BabyNames.com showed its support for Black Lives Matter in uniquely powerful post
While millions of people are speaking out about and protesting police brutality and systemic racism, many websites, companies, and brands are adding their two cents, as well. But one site that you might not have expected to speak up has shared a particularly powerful message. BabyNames.com posted a list of names of Black Americans who have been killed by police or in racist attacks by civilians on its homepage. Writer and host Bijan Stephen put it best in his tweet with over 700,000 likes: “ok baby names dot com go off.”
BabyNames.com’s message is written in white letters on a black background, which makes it a stark contrast to the rest of the website, which is brightly colored in white, pink, and blue.
The list begins with the harrowing statement, “Each one of these names was somebody’s baby.”
Then, more 100 names are listed, starting with Emmett Till, a 14-year-old who was lynched in 1955 after a white woman made up a story about him touching her, and ending with George Floyd, who was killed in Minneapolis on May 25th while being arrested for allegedly using a counterfeit $20 bill. Other Black people whose recent killings ignited the current round of protests and demands for change are also listed, including Ahmaud Arbery, Breonna Taylor, Tony McDade, and Jamel Floyd.
On June 6th, BabyNames.com tweeted about the change to its site, writing “Say their names. #BlackLivesMatter” along with a screenshot of the homepage. The account has also been tweeting about updating the list with more names.
BabyNames.com founder Jennifer Moss spoke to HuffPost about the decision and explained, “I saw the names listed on NPR, and they broke my heart. I knew then I wanted to include them in our company’s statement.”
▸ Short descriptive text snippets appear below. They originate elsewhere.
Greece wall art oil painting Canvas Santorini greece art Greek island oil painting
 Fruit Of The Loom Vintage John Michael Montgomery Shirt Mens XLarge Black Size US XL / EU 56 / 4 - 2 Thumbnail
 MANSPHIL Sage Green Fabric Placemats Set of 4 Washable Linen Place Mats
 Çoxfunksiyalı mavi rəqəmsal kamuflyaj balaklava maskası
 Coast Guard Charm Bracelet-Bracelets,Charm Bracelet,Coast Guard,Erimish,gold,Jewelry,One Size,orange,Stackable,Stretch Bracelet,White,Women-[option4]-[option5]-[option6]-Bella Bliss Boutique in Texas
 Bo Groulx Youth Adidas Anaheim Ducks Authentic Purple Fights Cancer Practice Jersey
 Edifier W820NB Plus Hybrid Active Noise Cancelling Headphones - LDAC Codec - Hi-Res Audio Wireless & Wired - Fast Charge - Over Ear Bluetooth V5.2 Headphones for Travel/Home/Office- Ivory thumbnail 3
She added, “I am a parent, and it just came from my heart.”
Already knowing the list is there is one thing, but if you type in BabyNames.com simply looking for a baby name, it could be an even more emotional experience. Seeing the names of those who have died in the context of names that signify new life being brought into the world is intense, to say the least. “My goal was to make people understand that they aren’t just names,” Moss told HuffPost. “They are human beings and were loved.”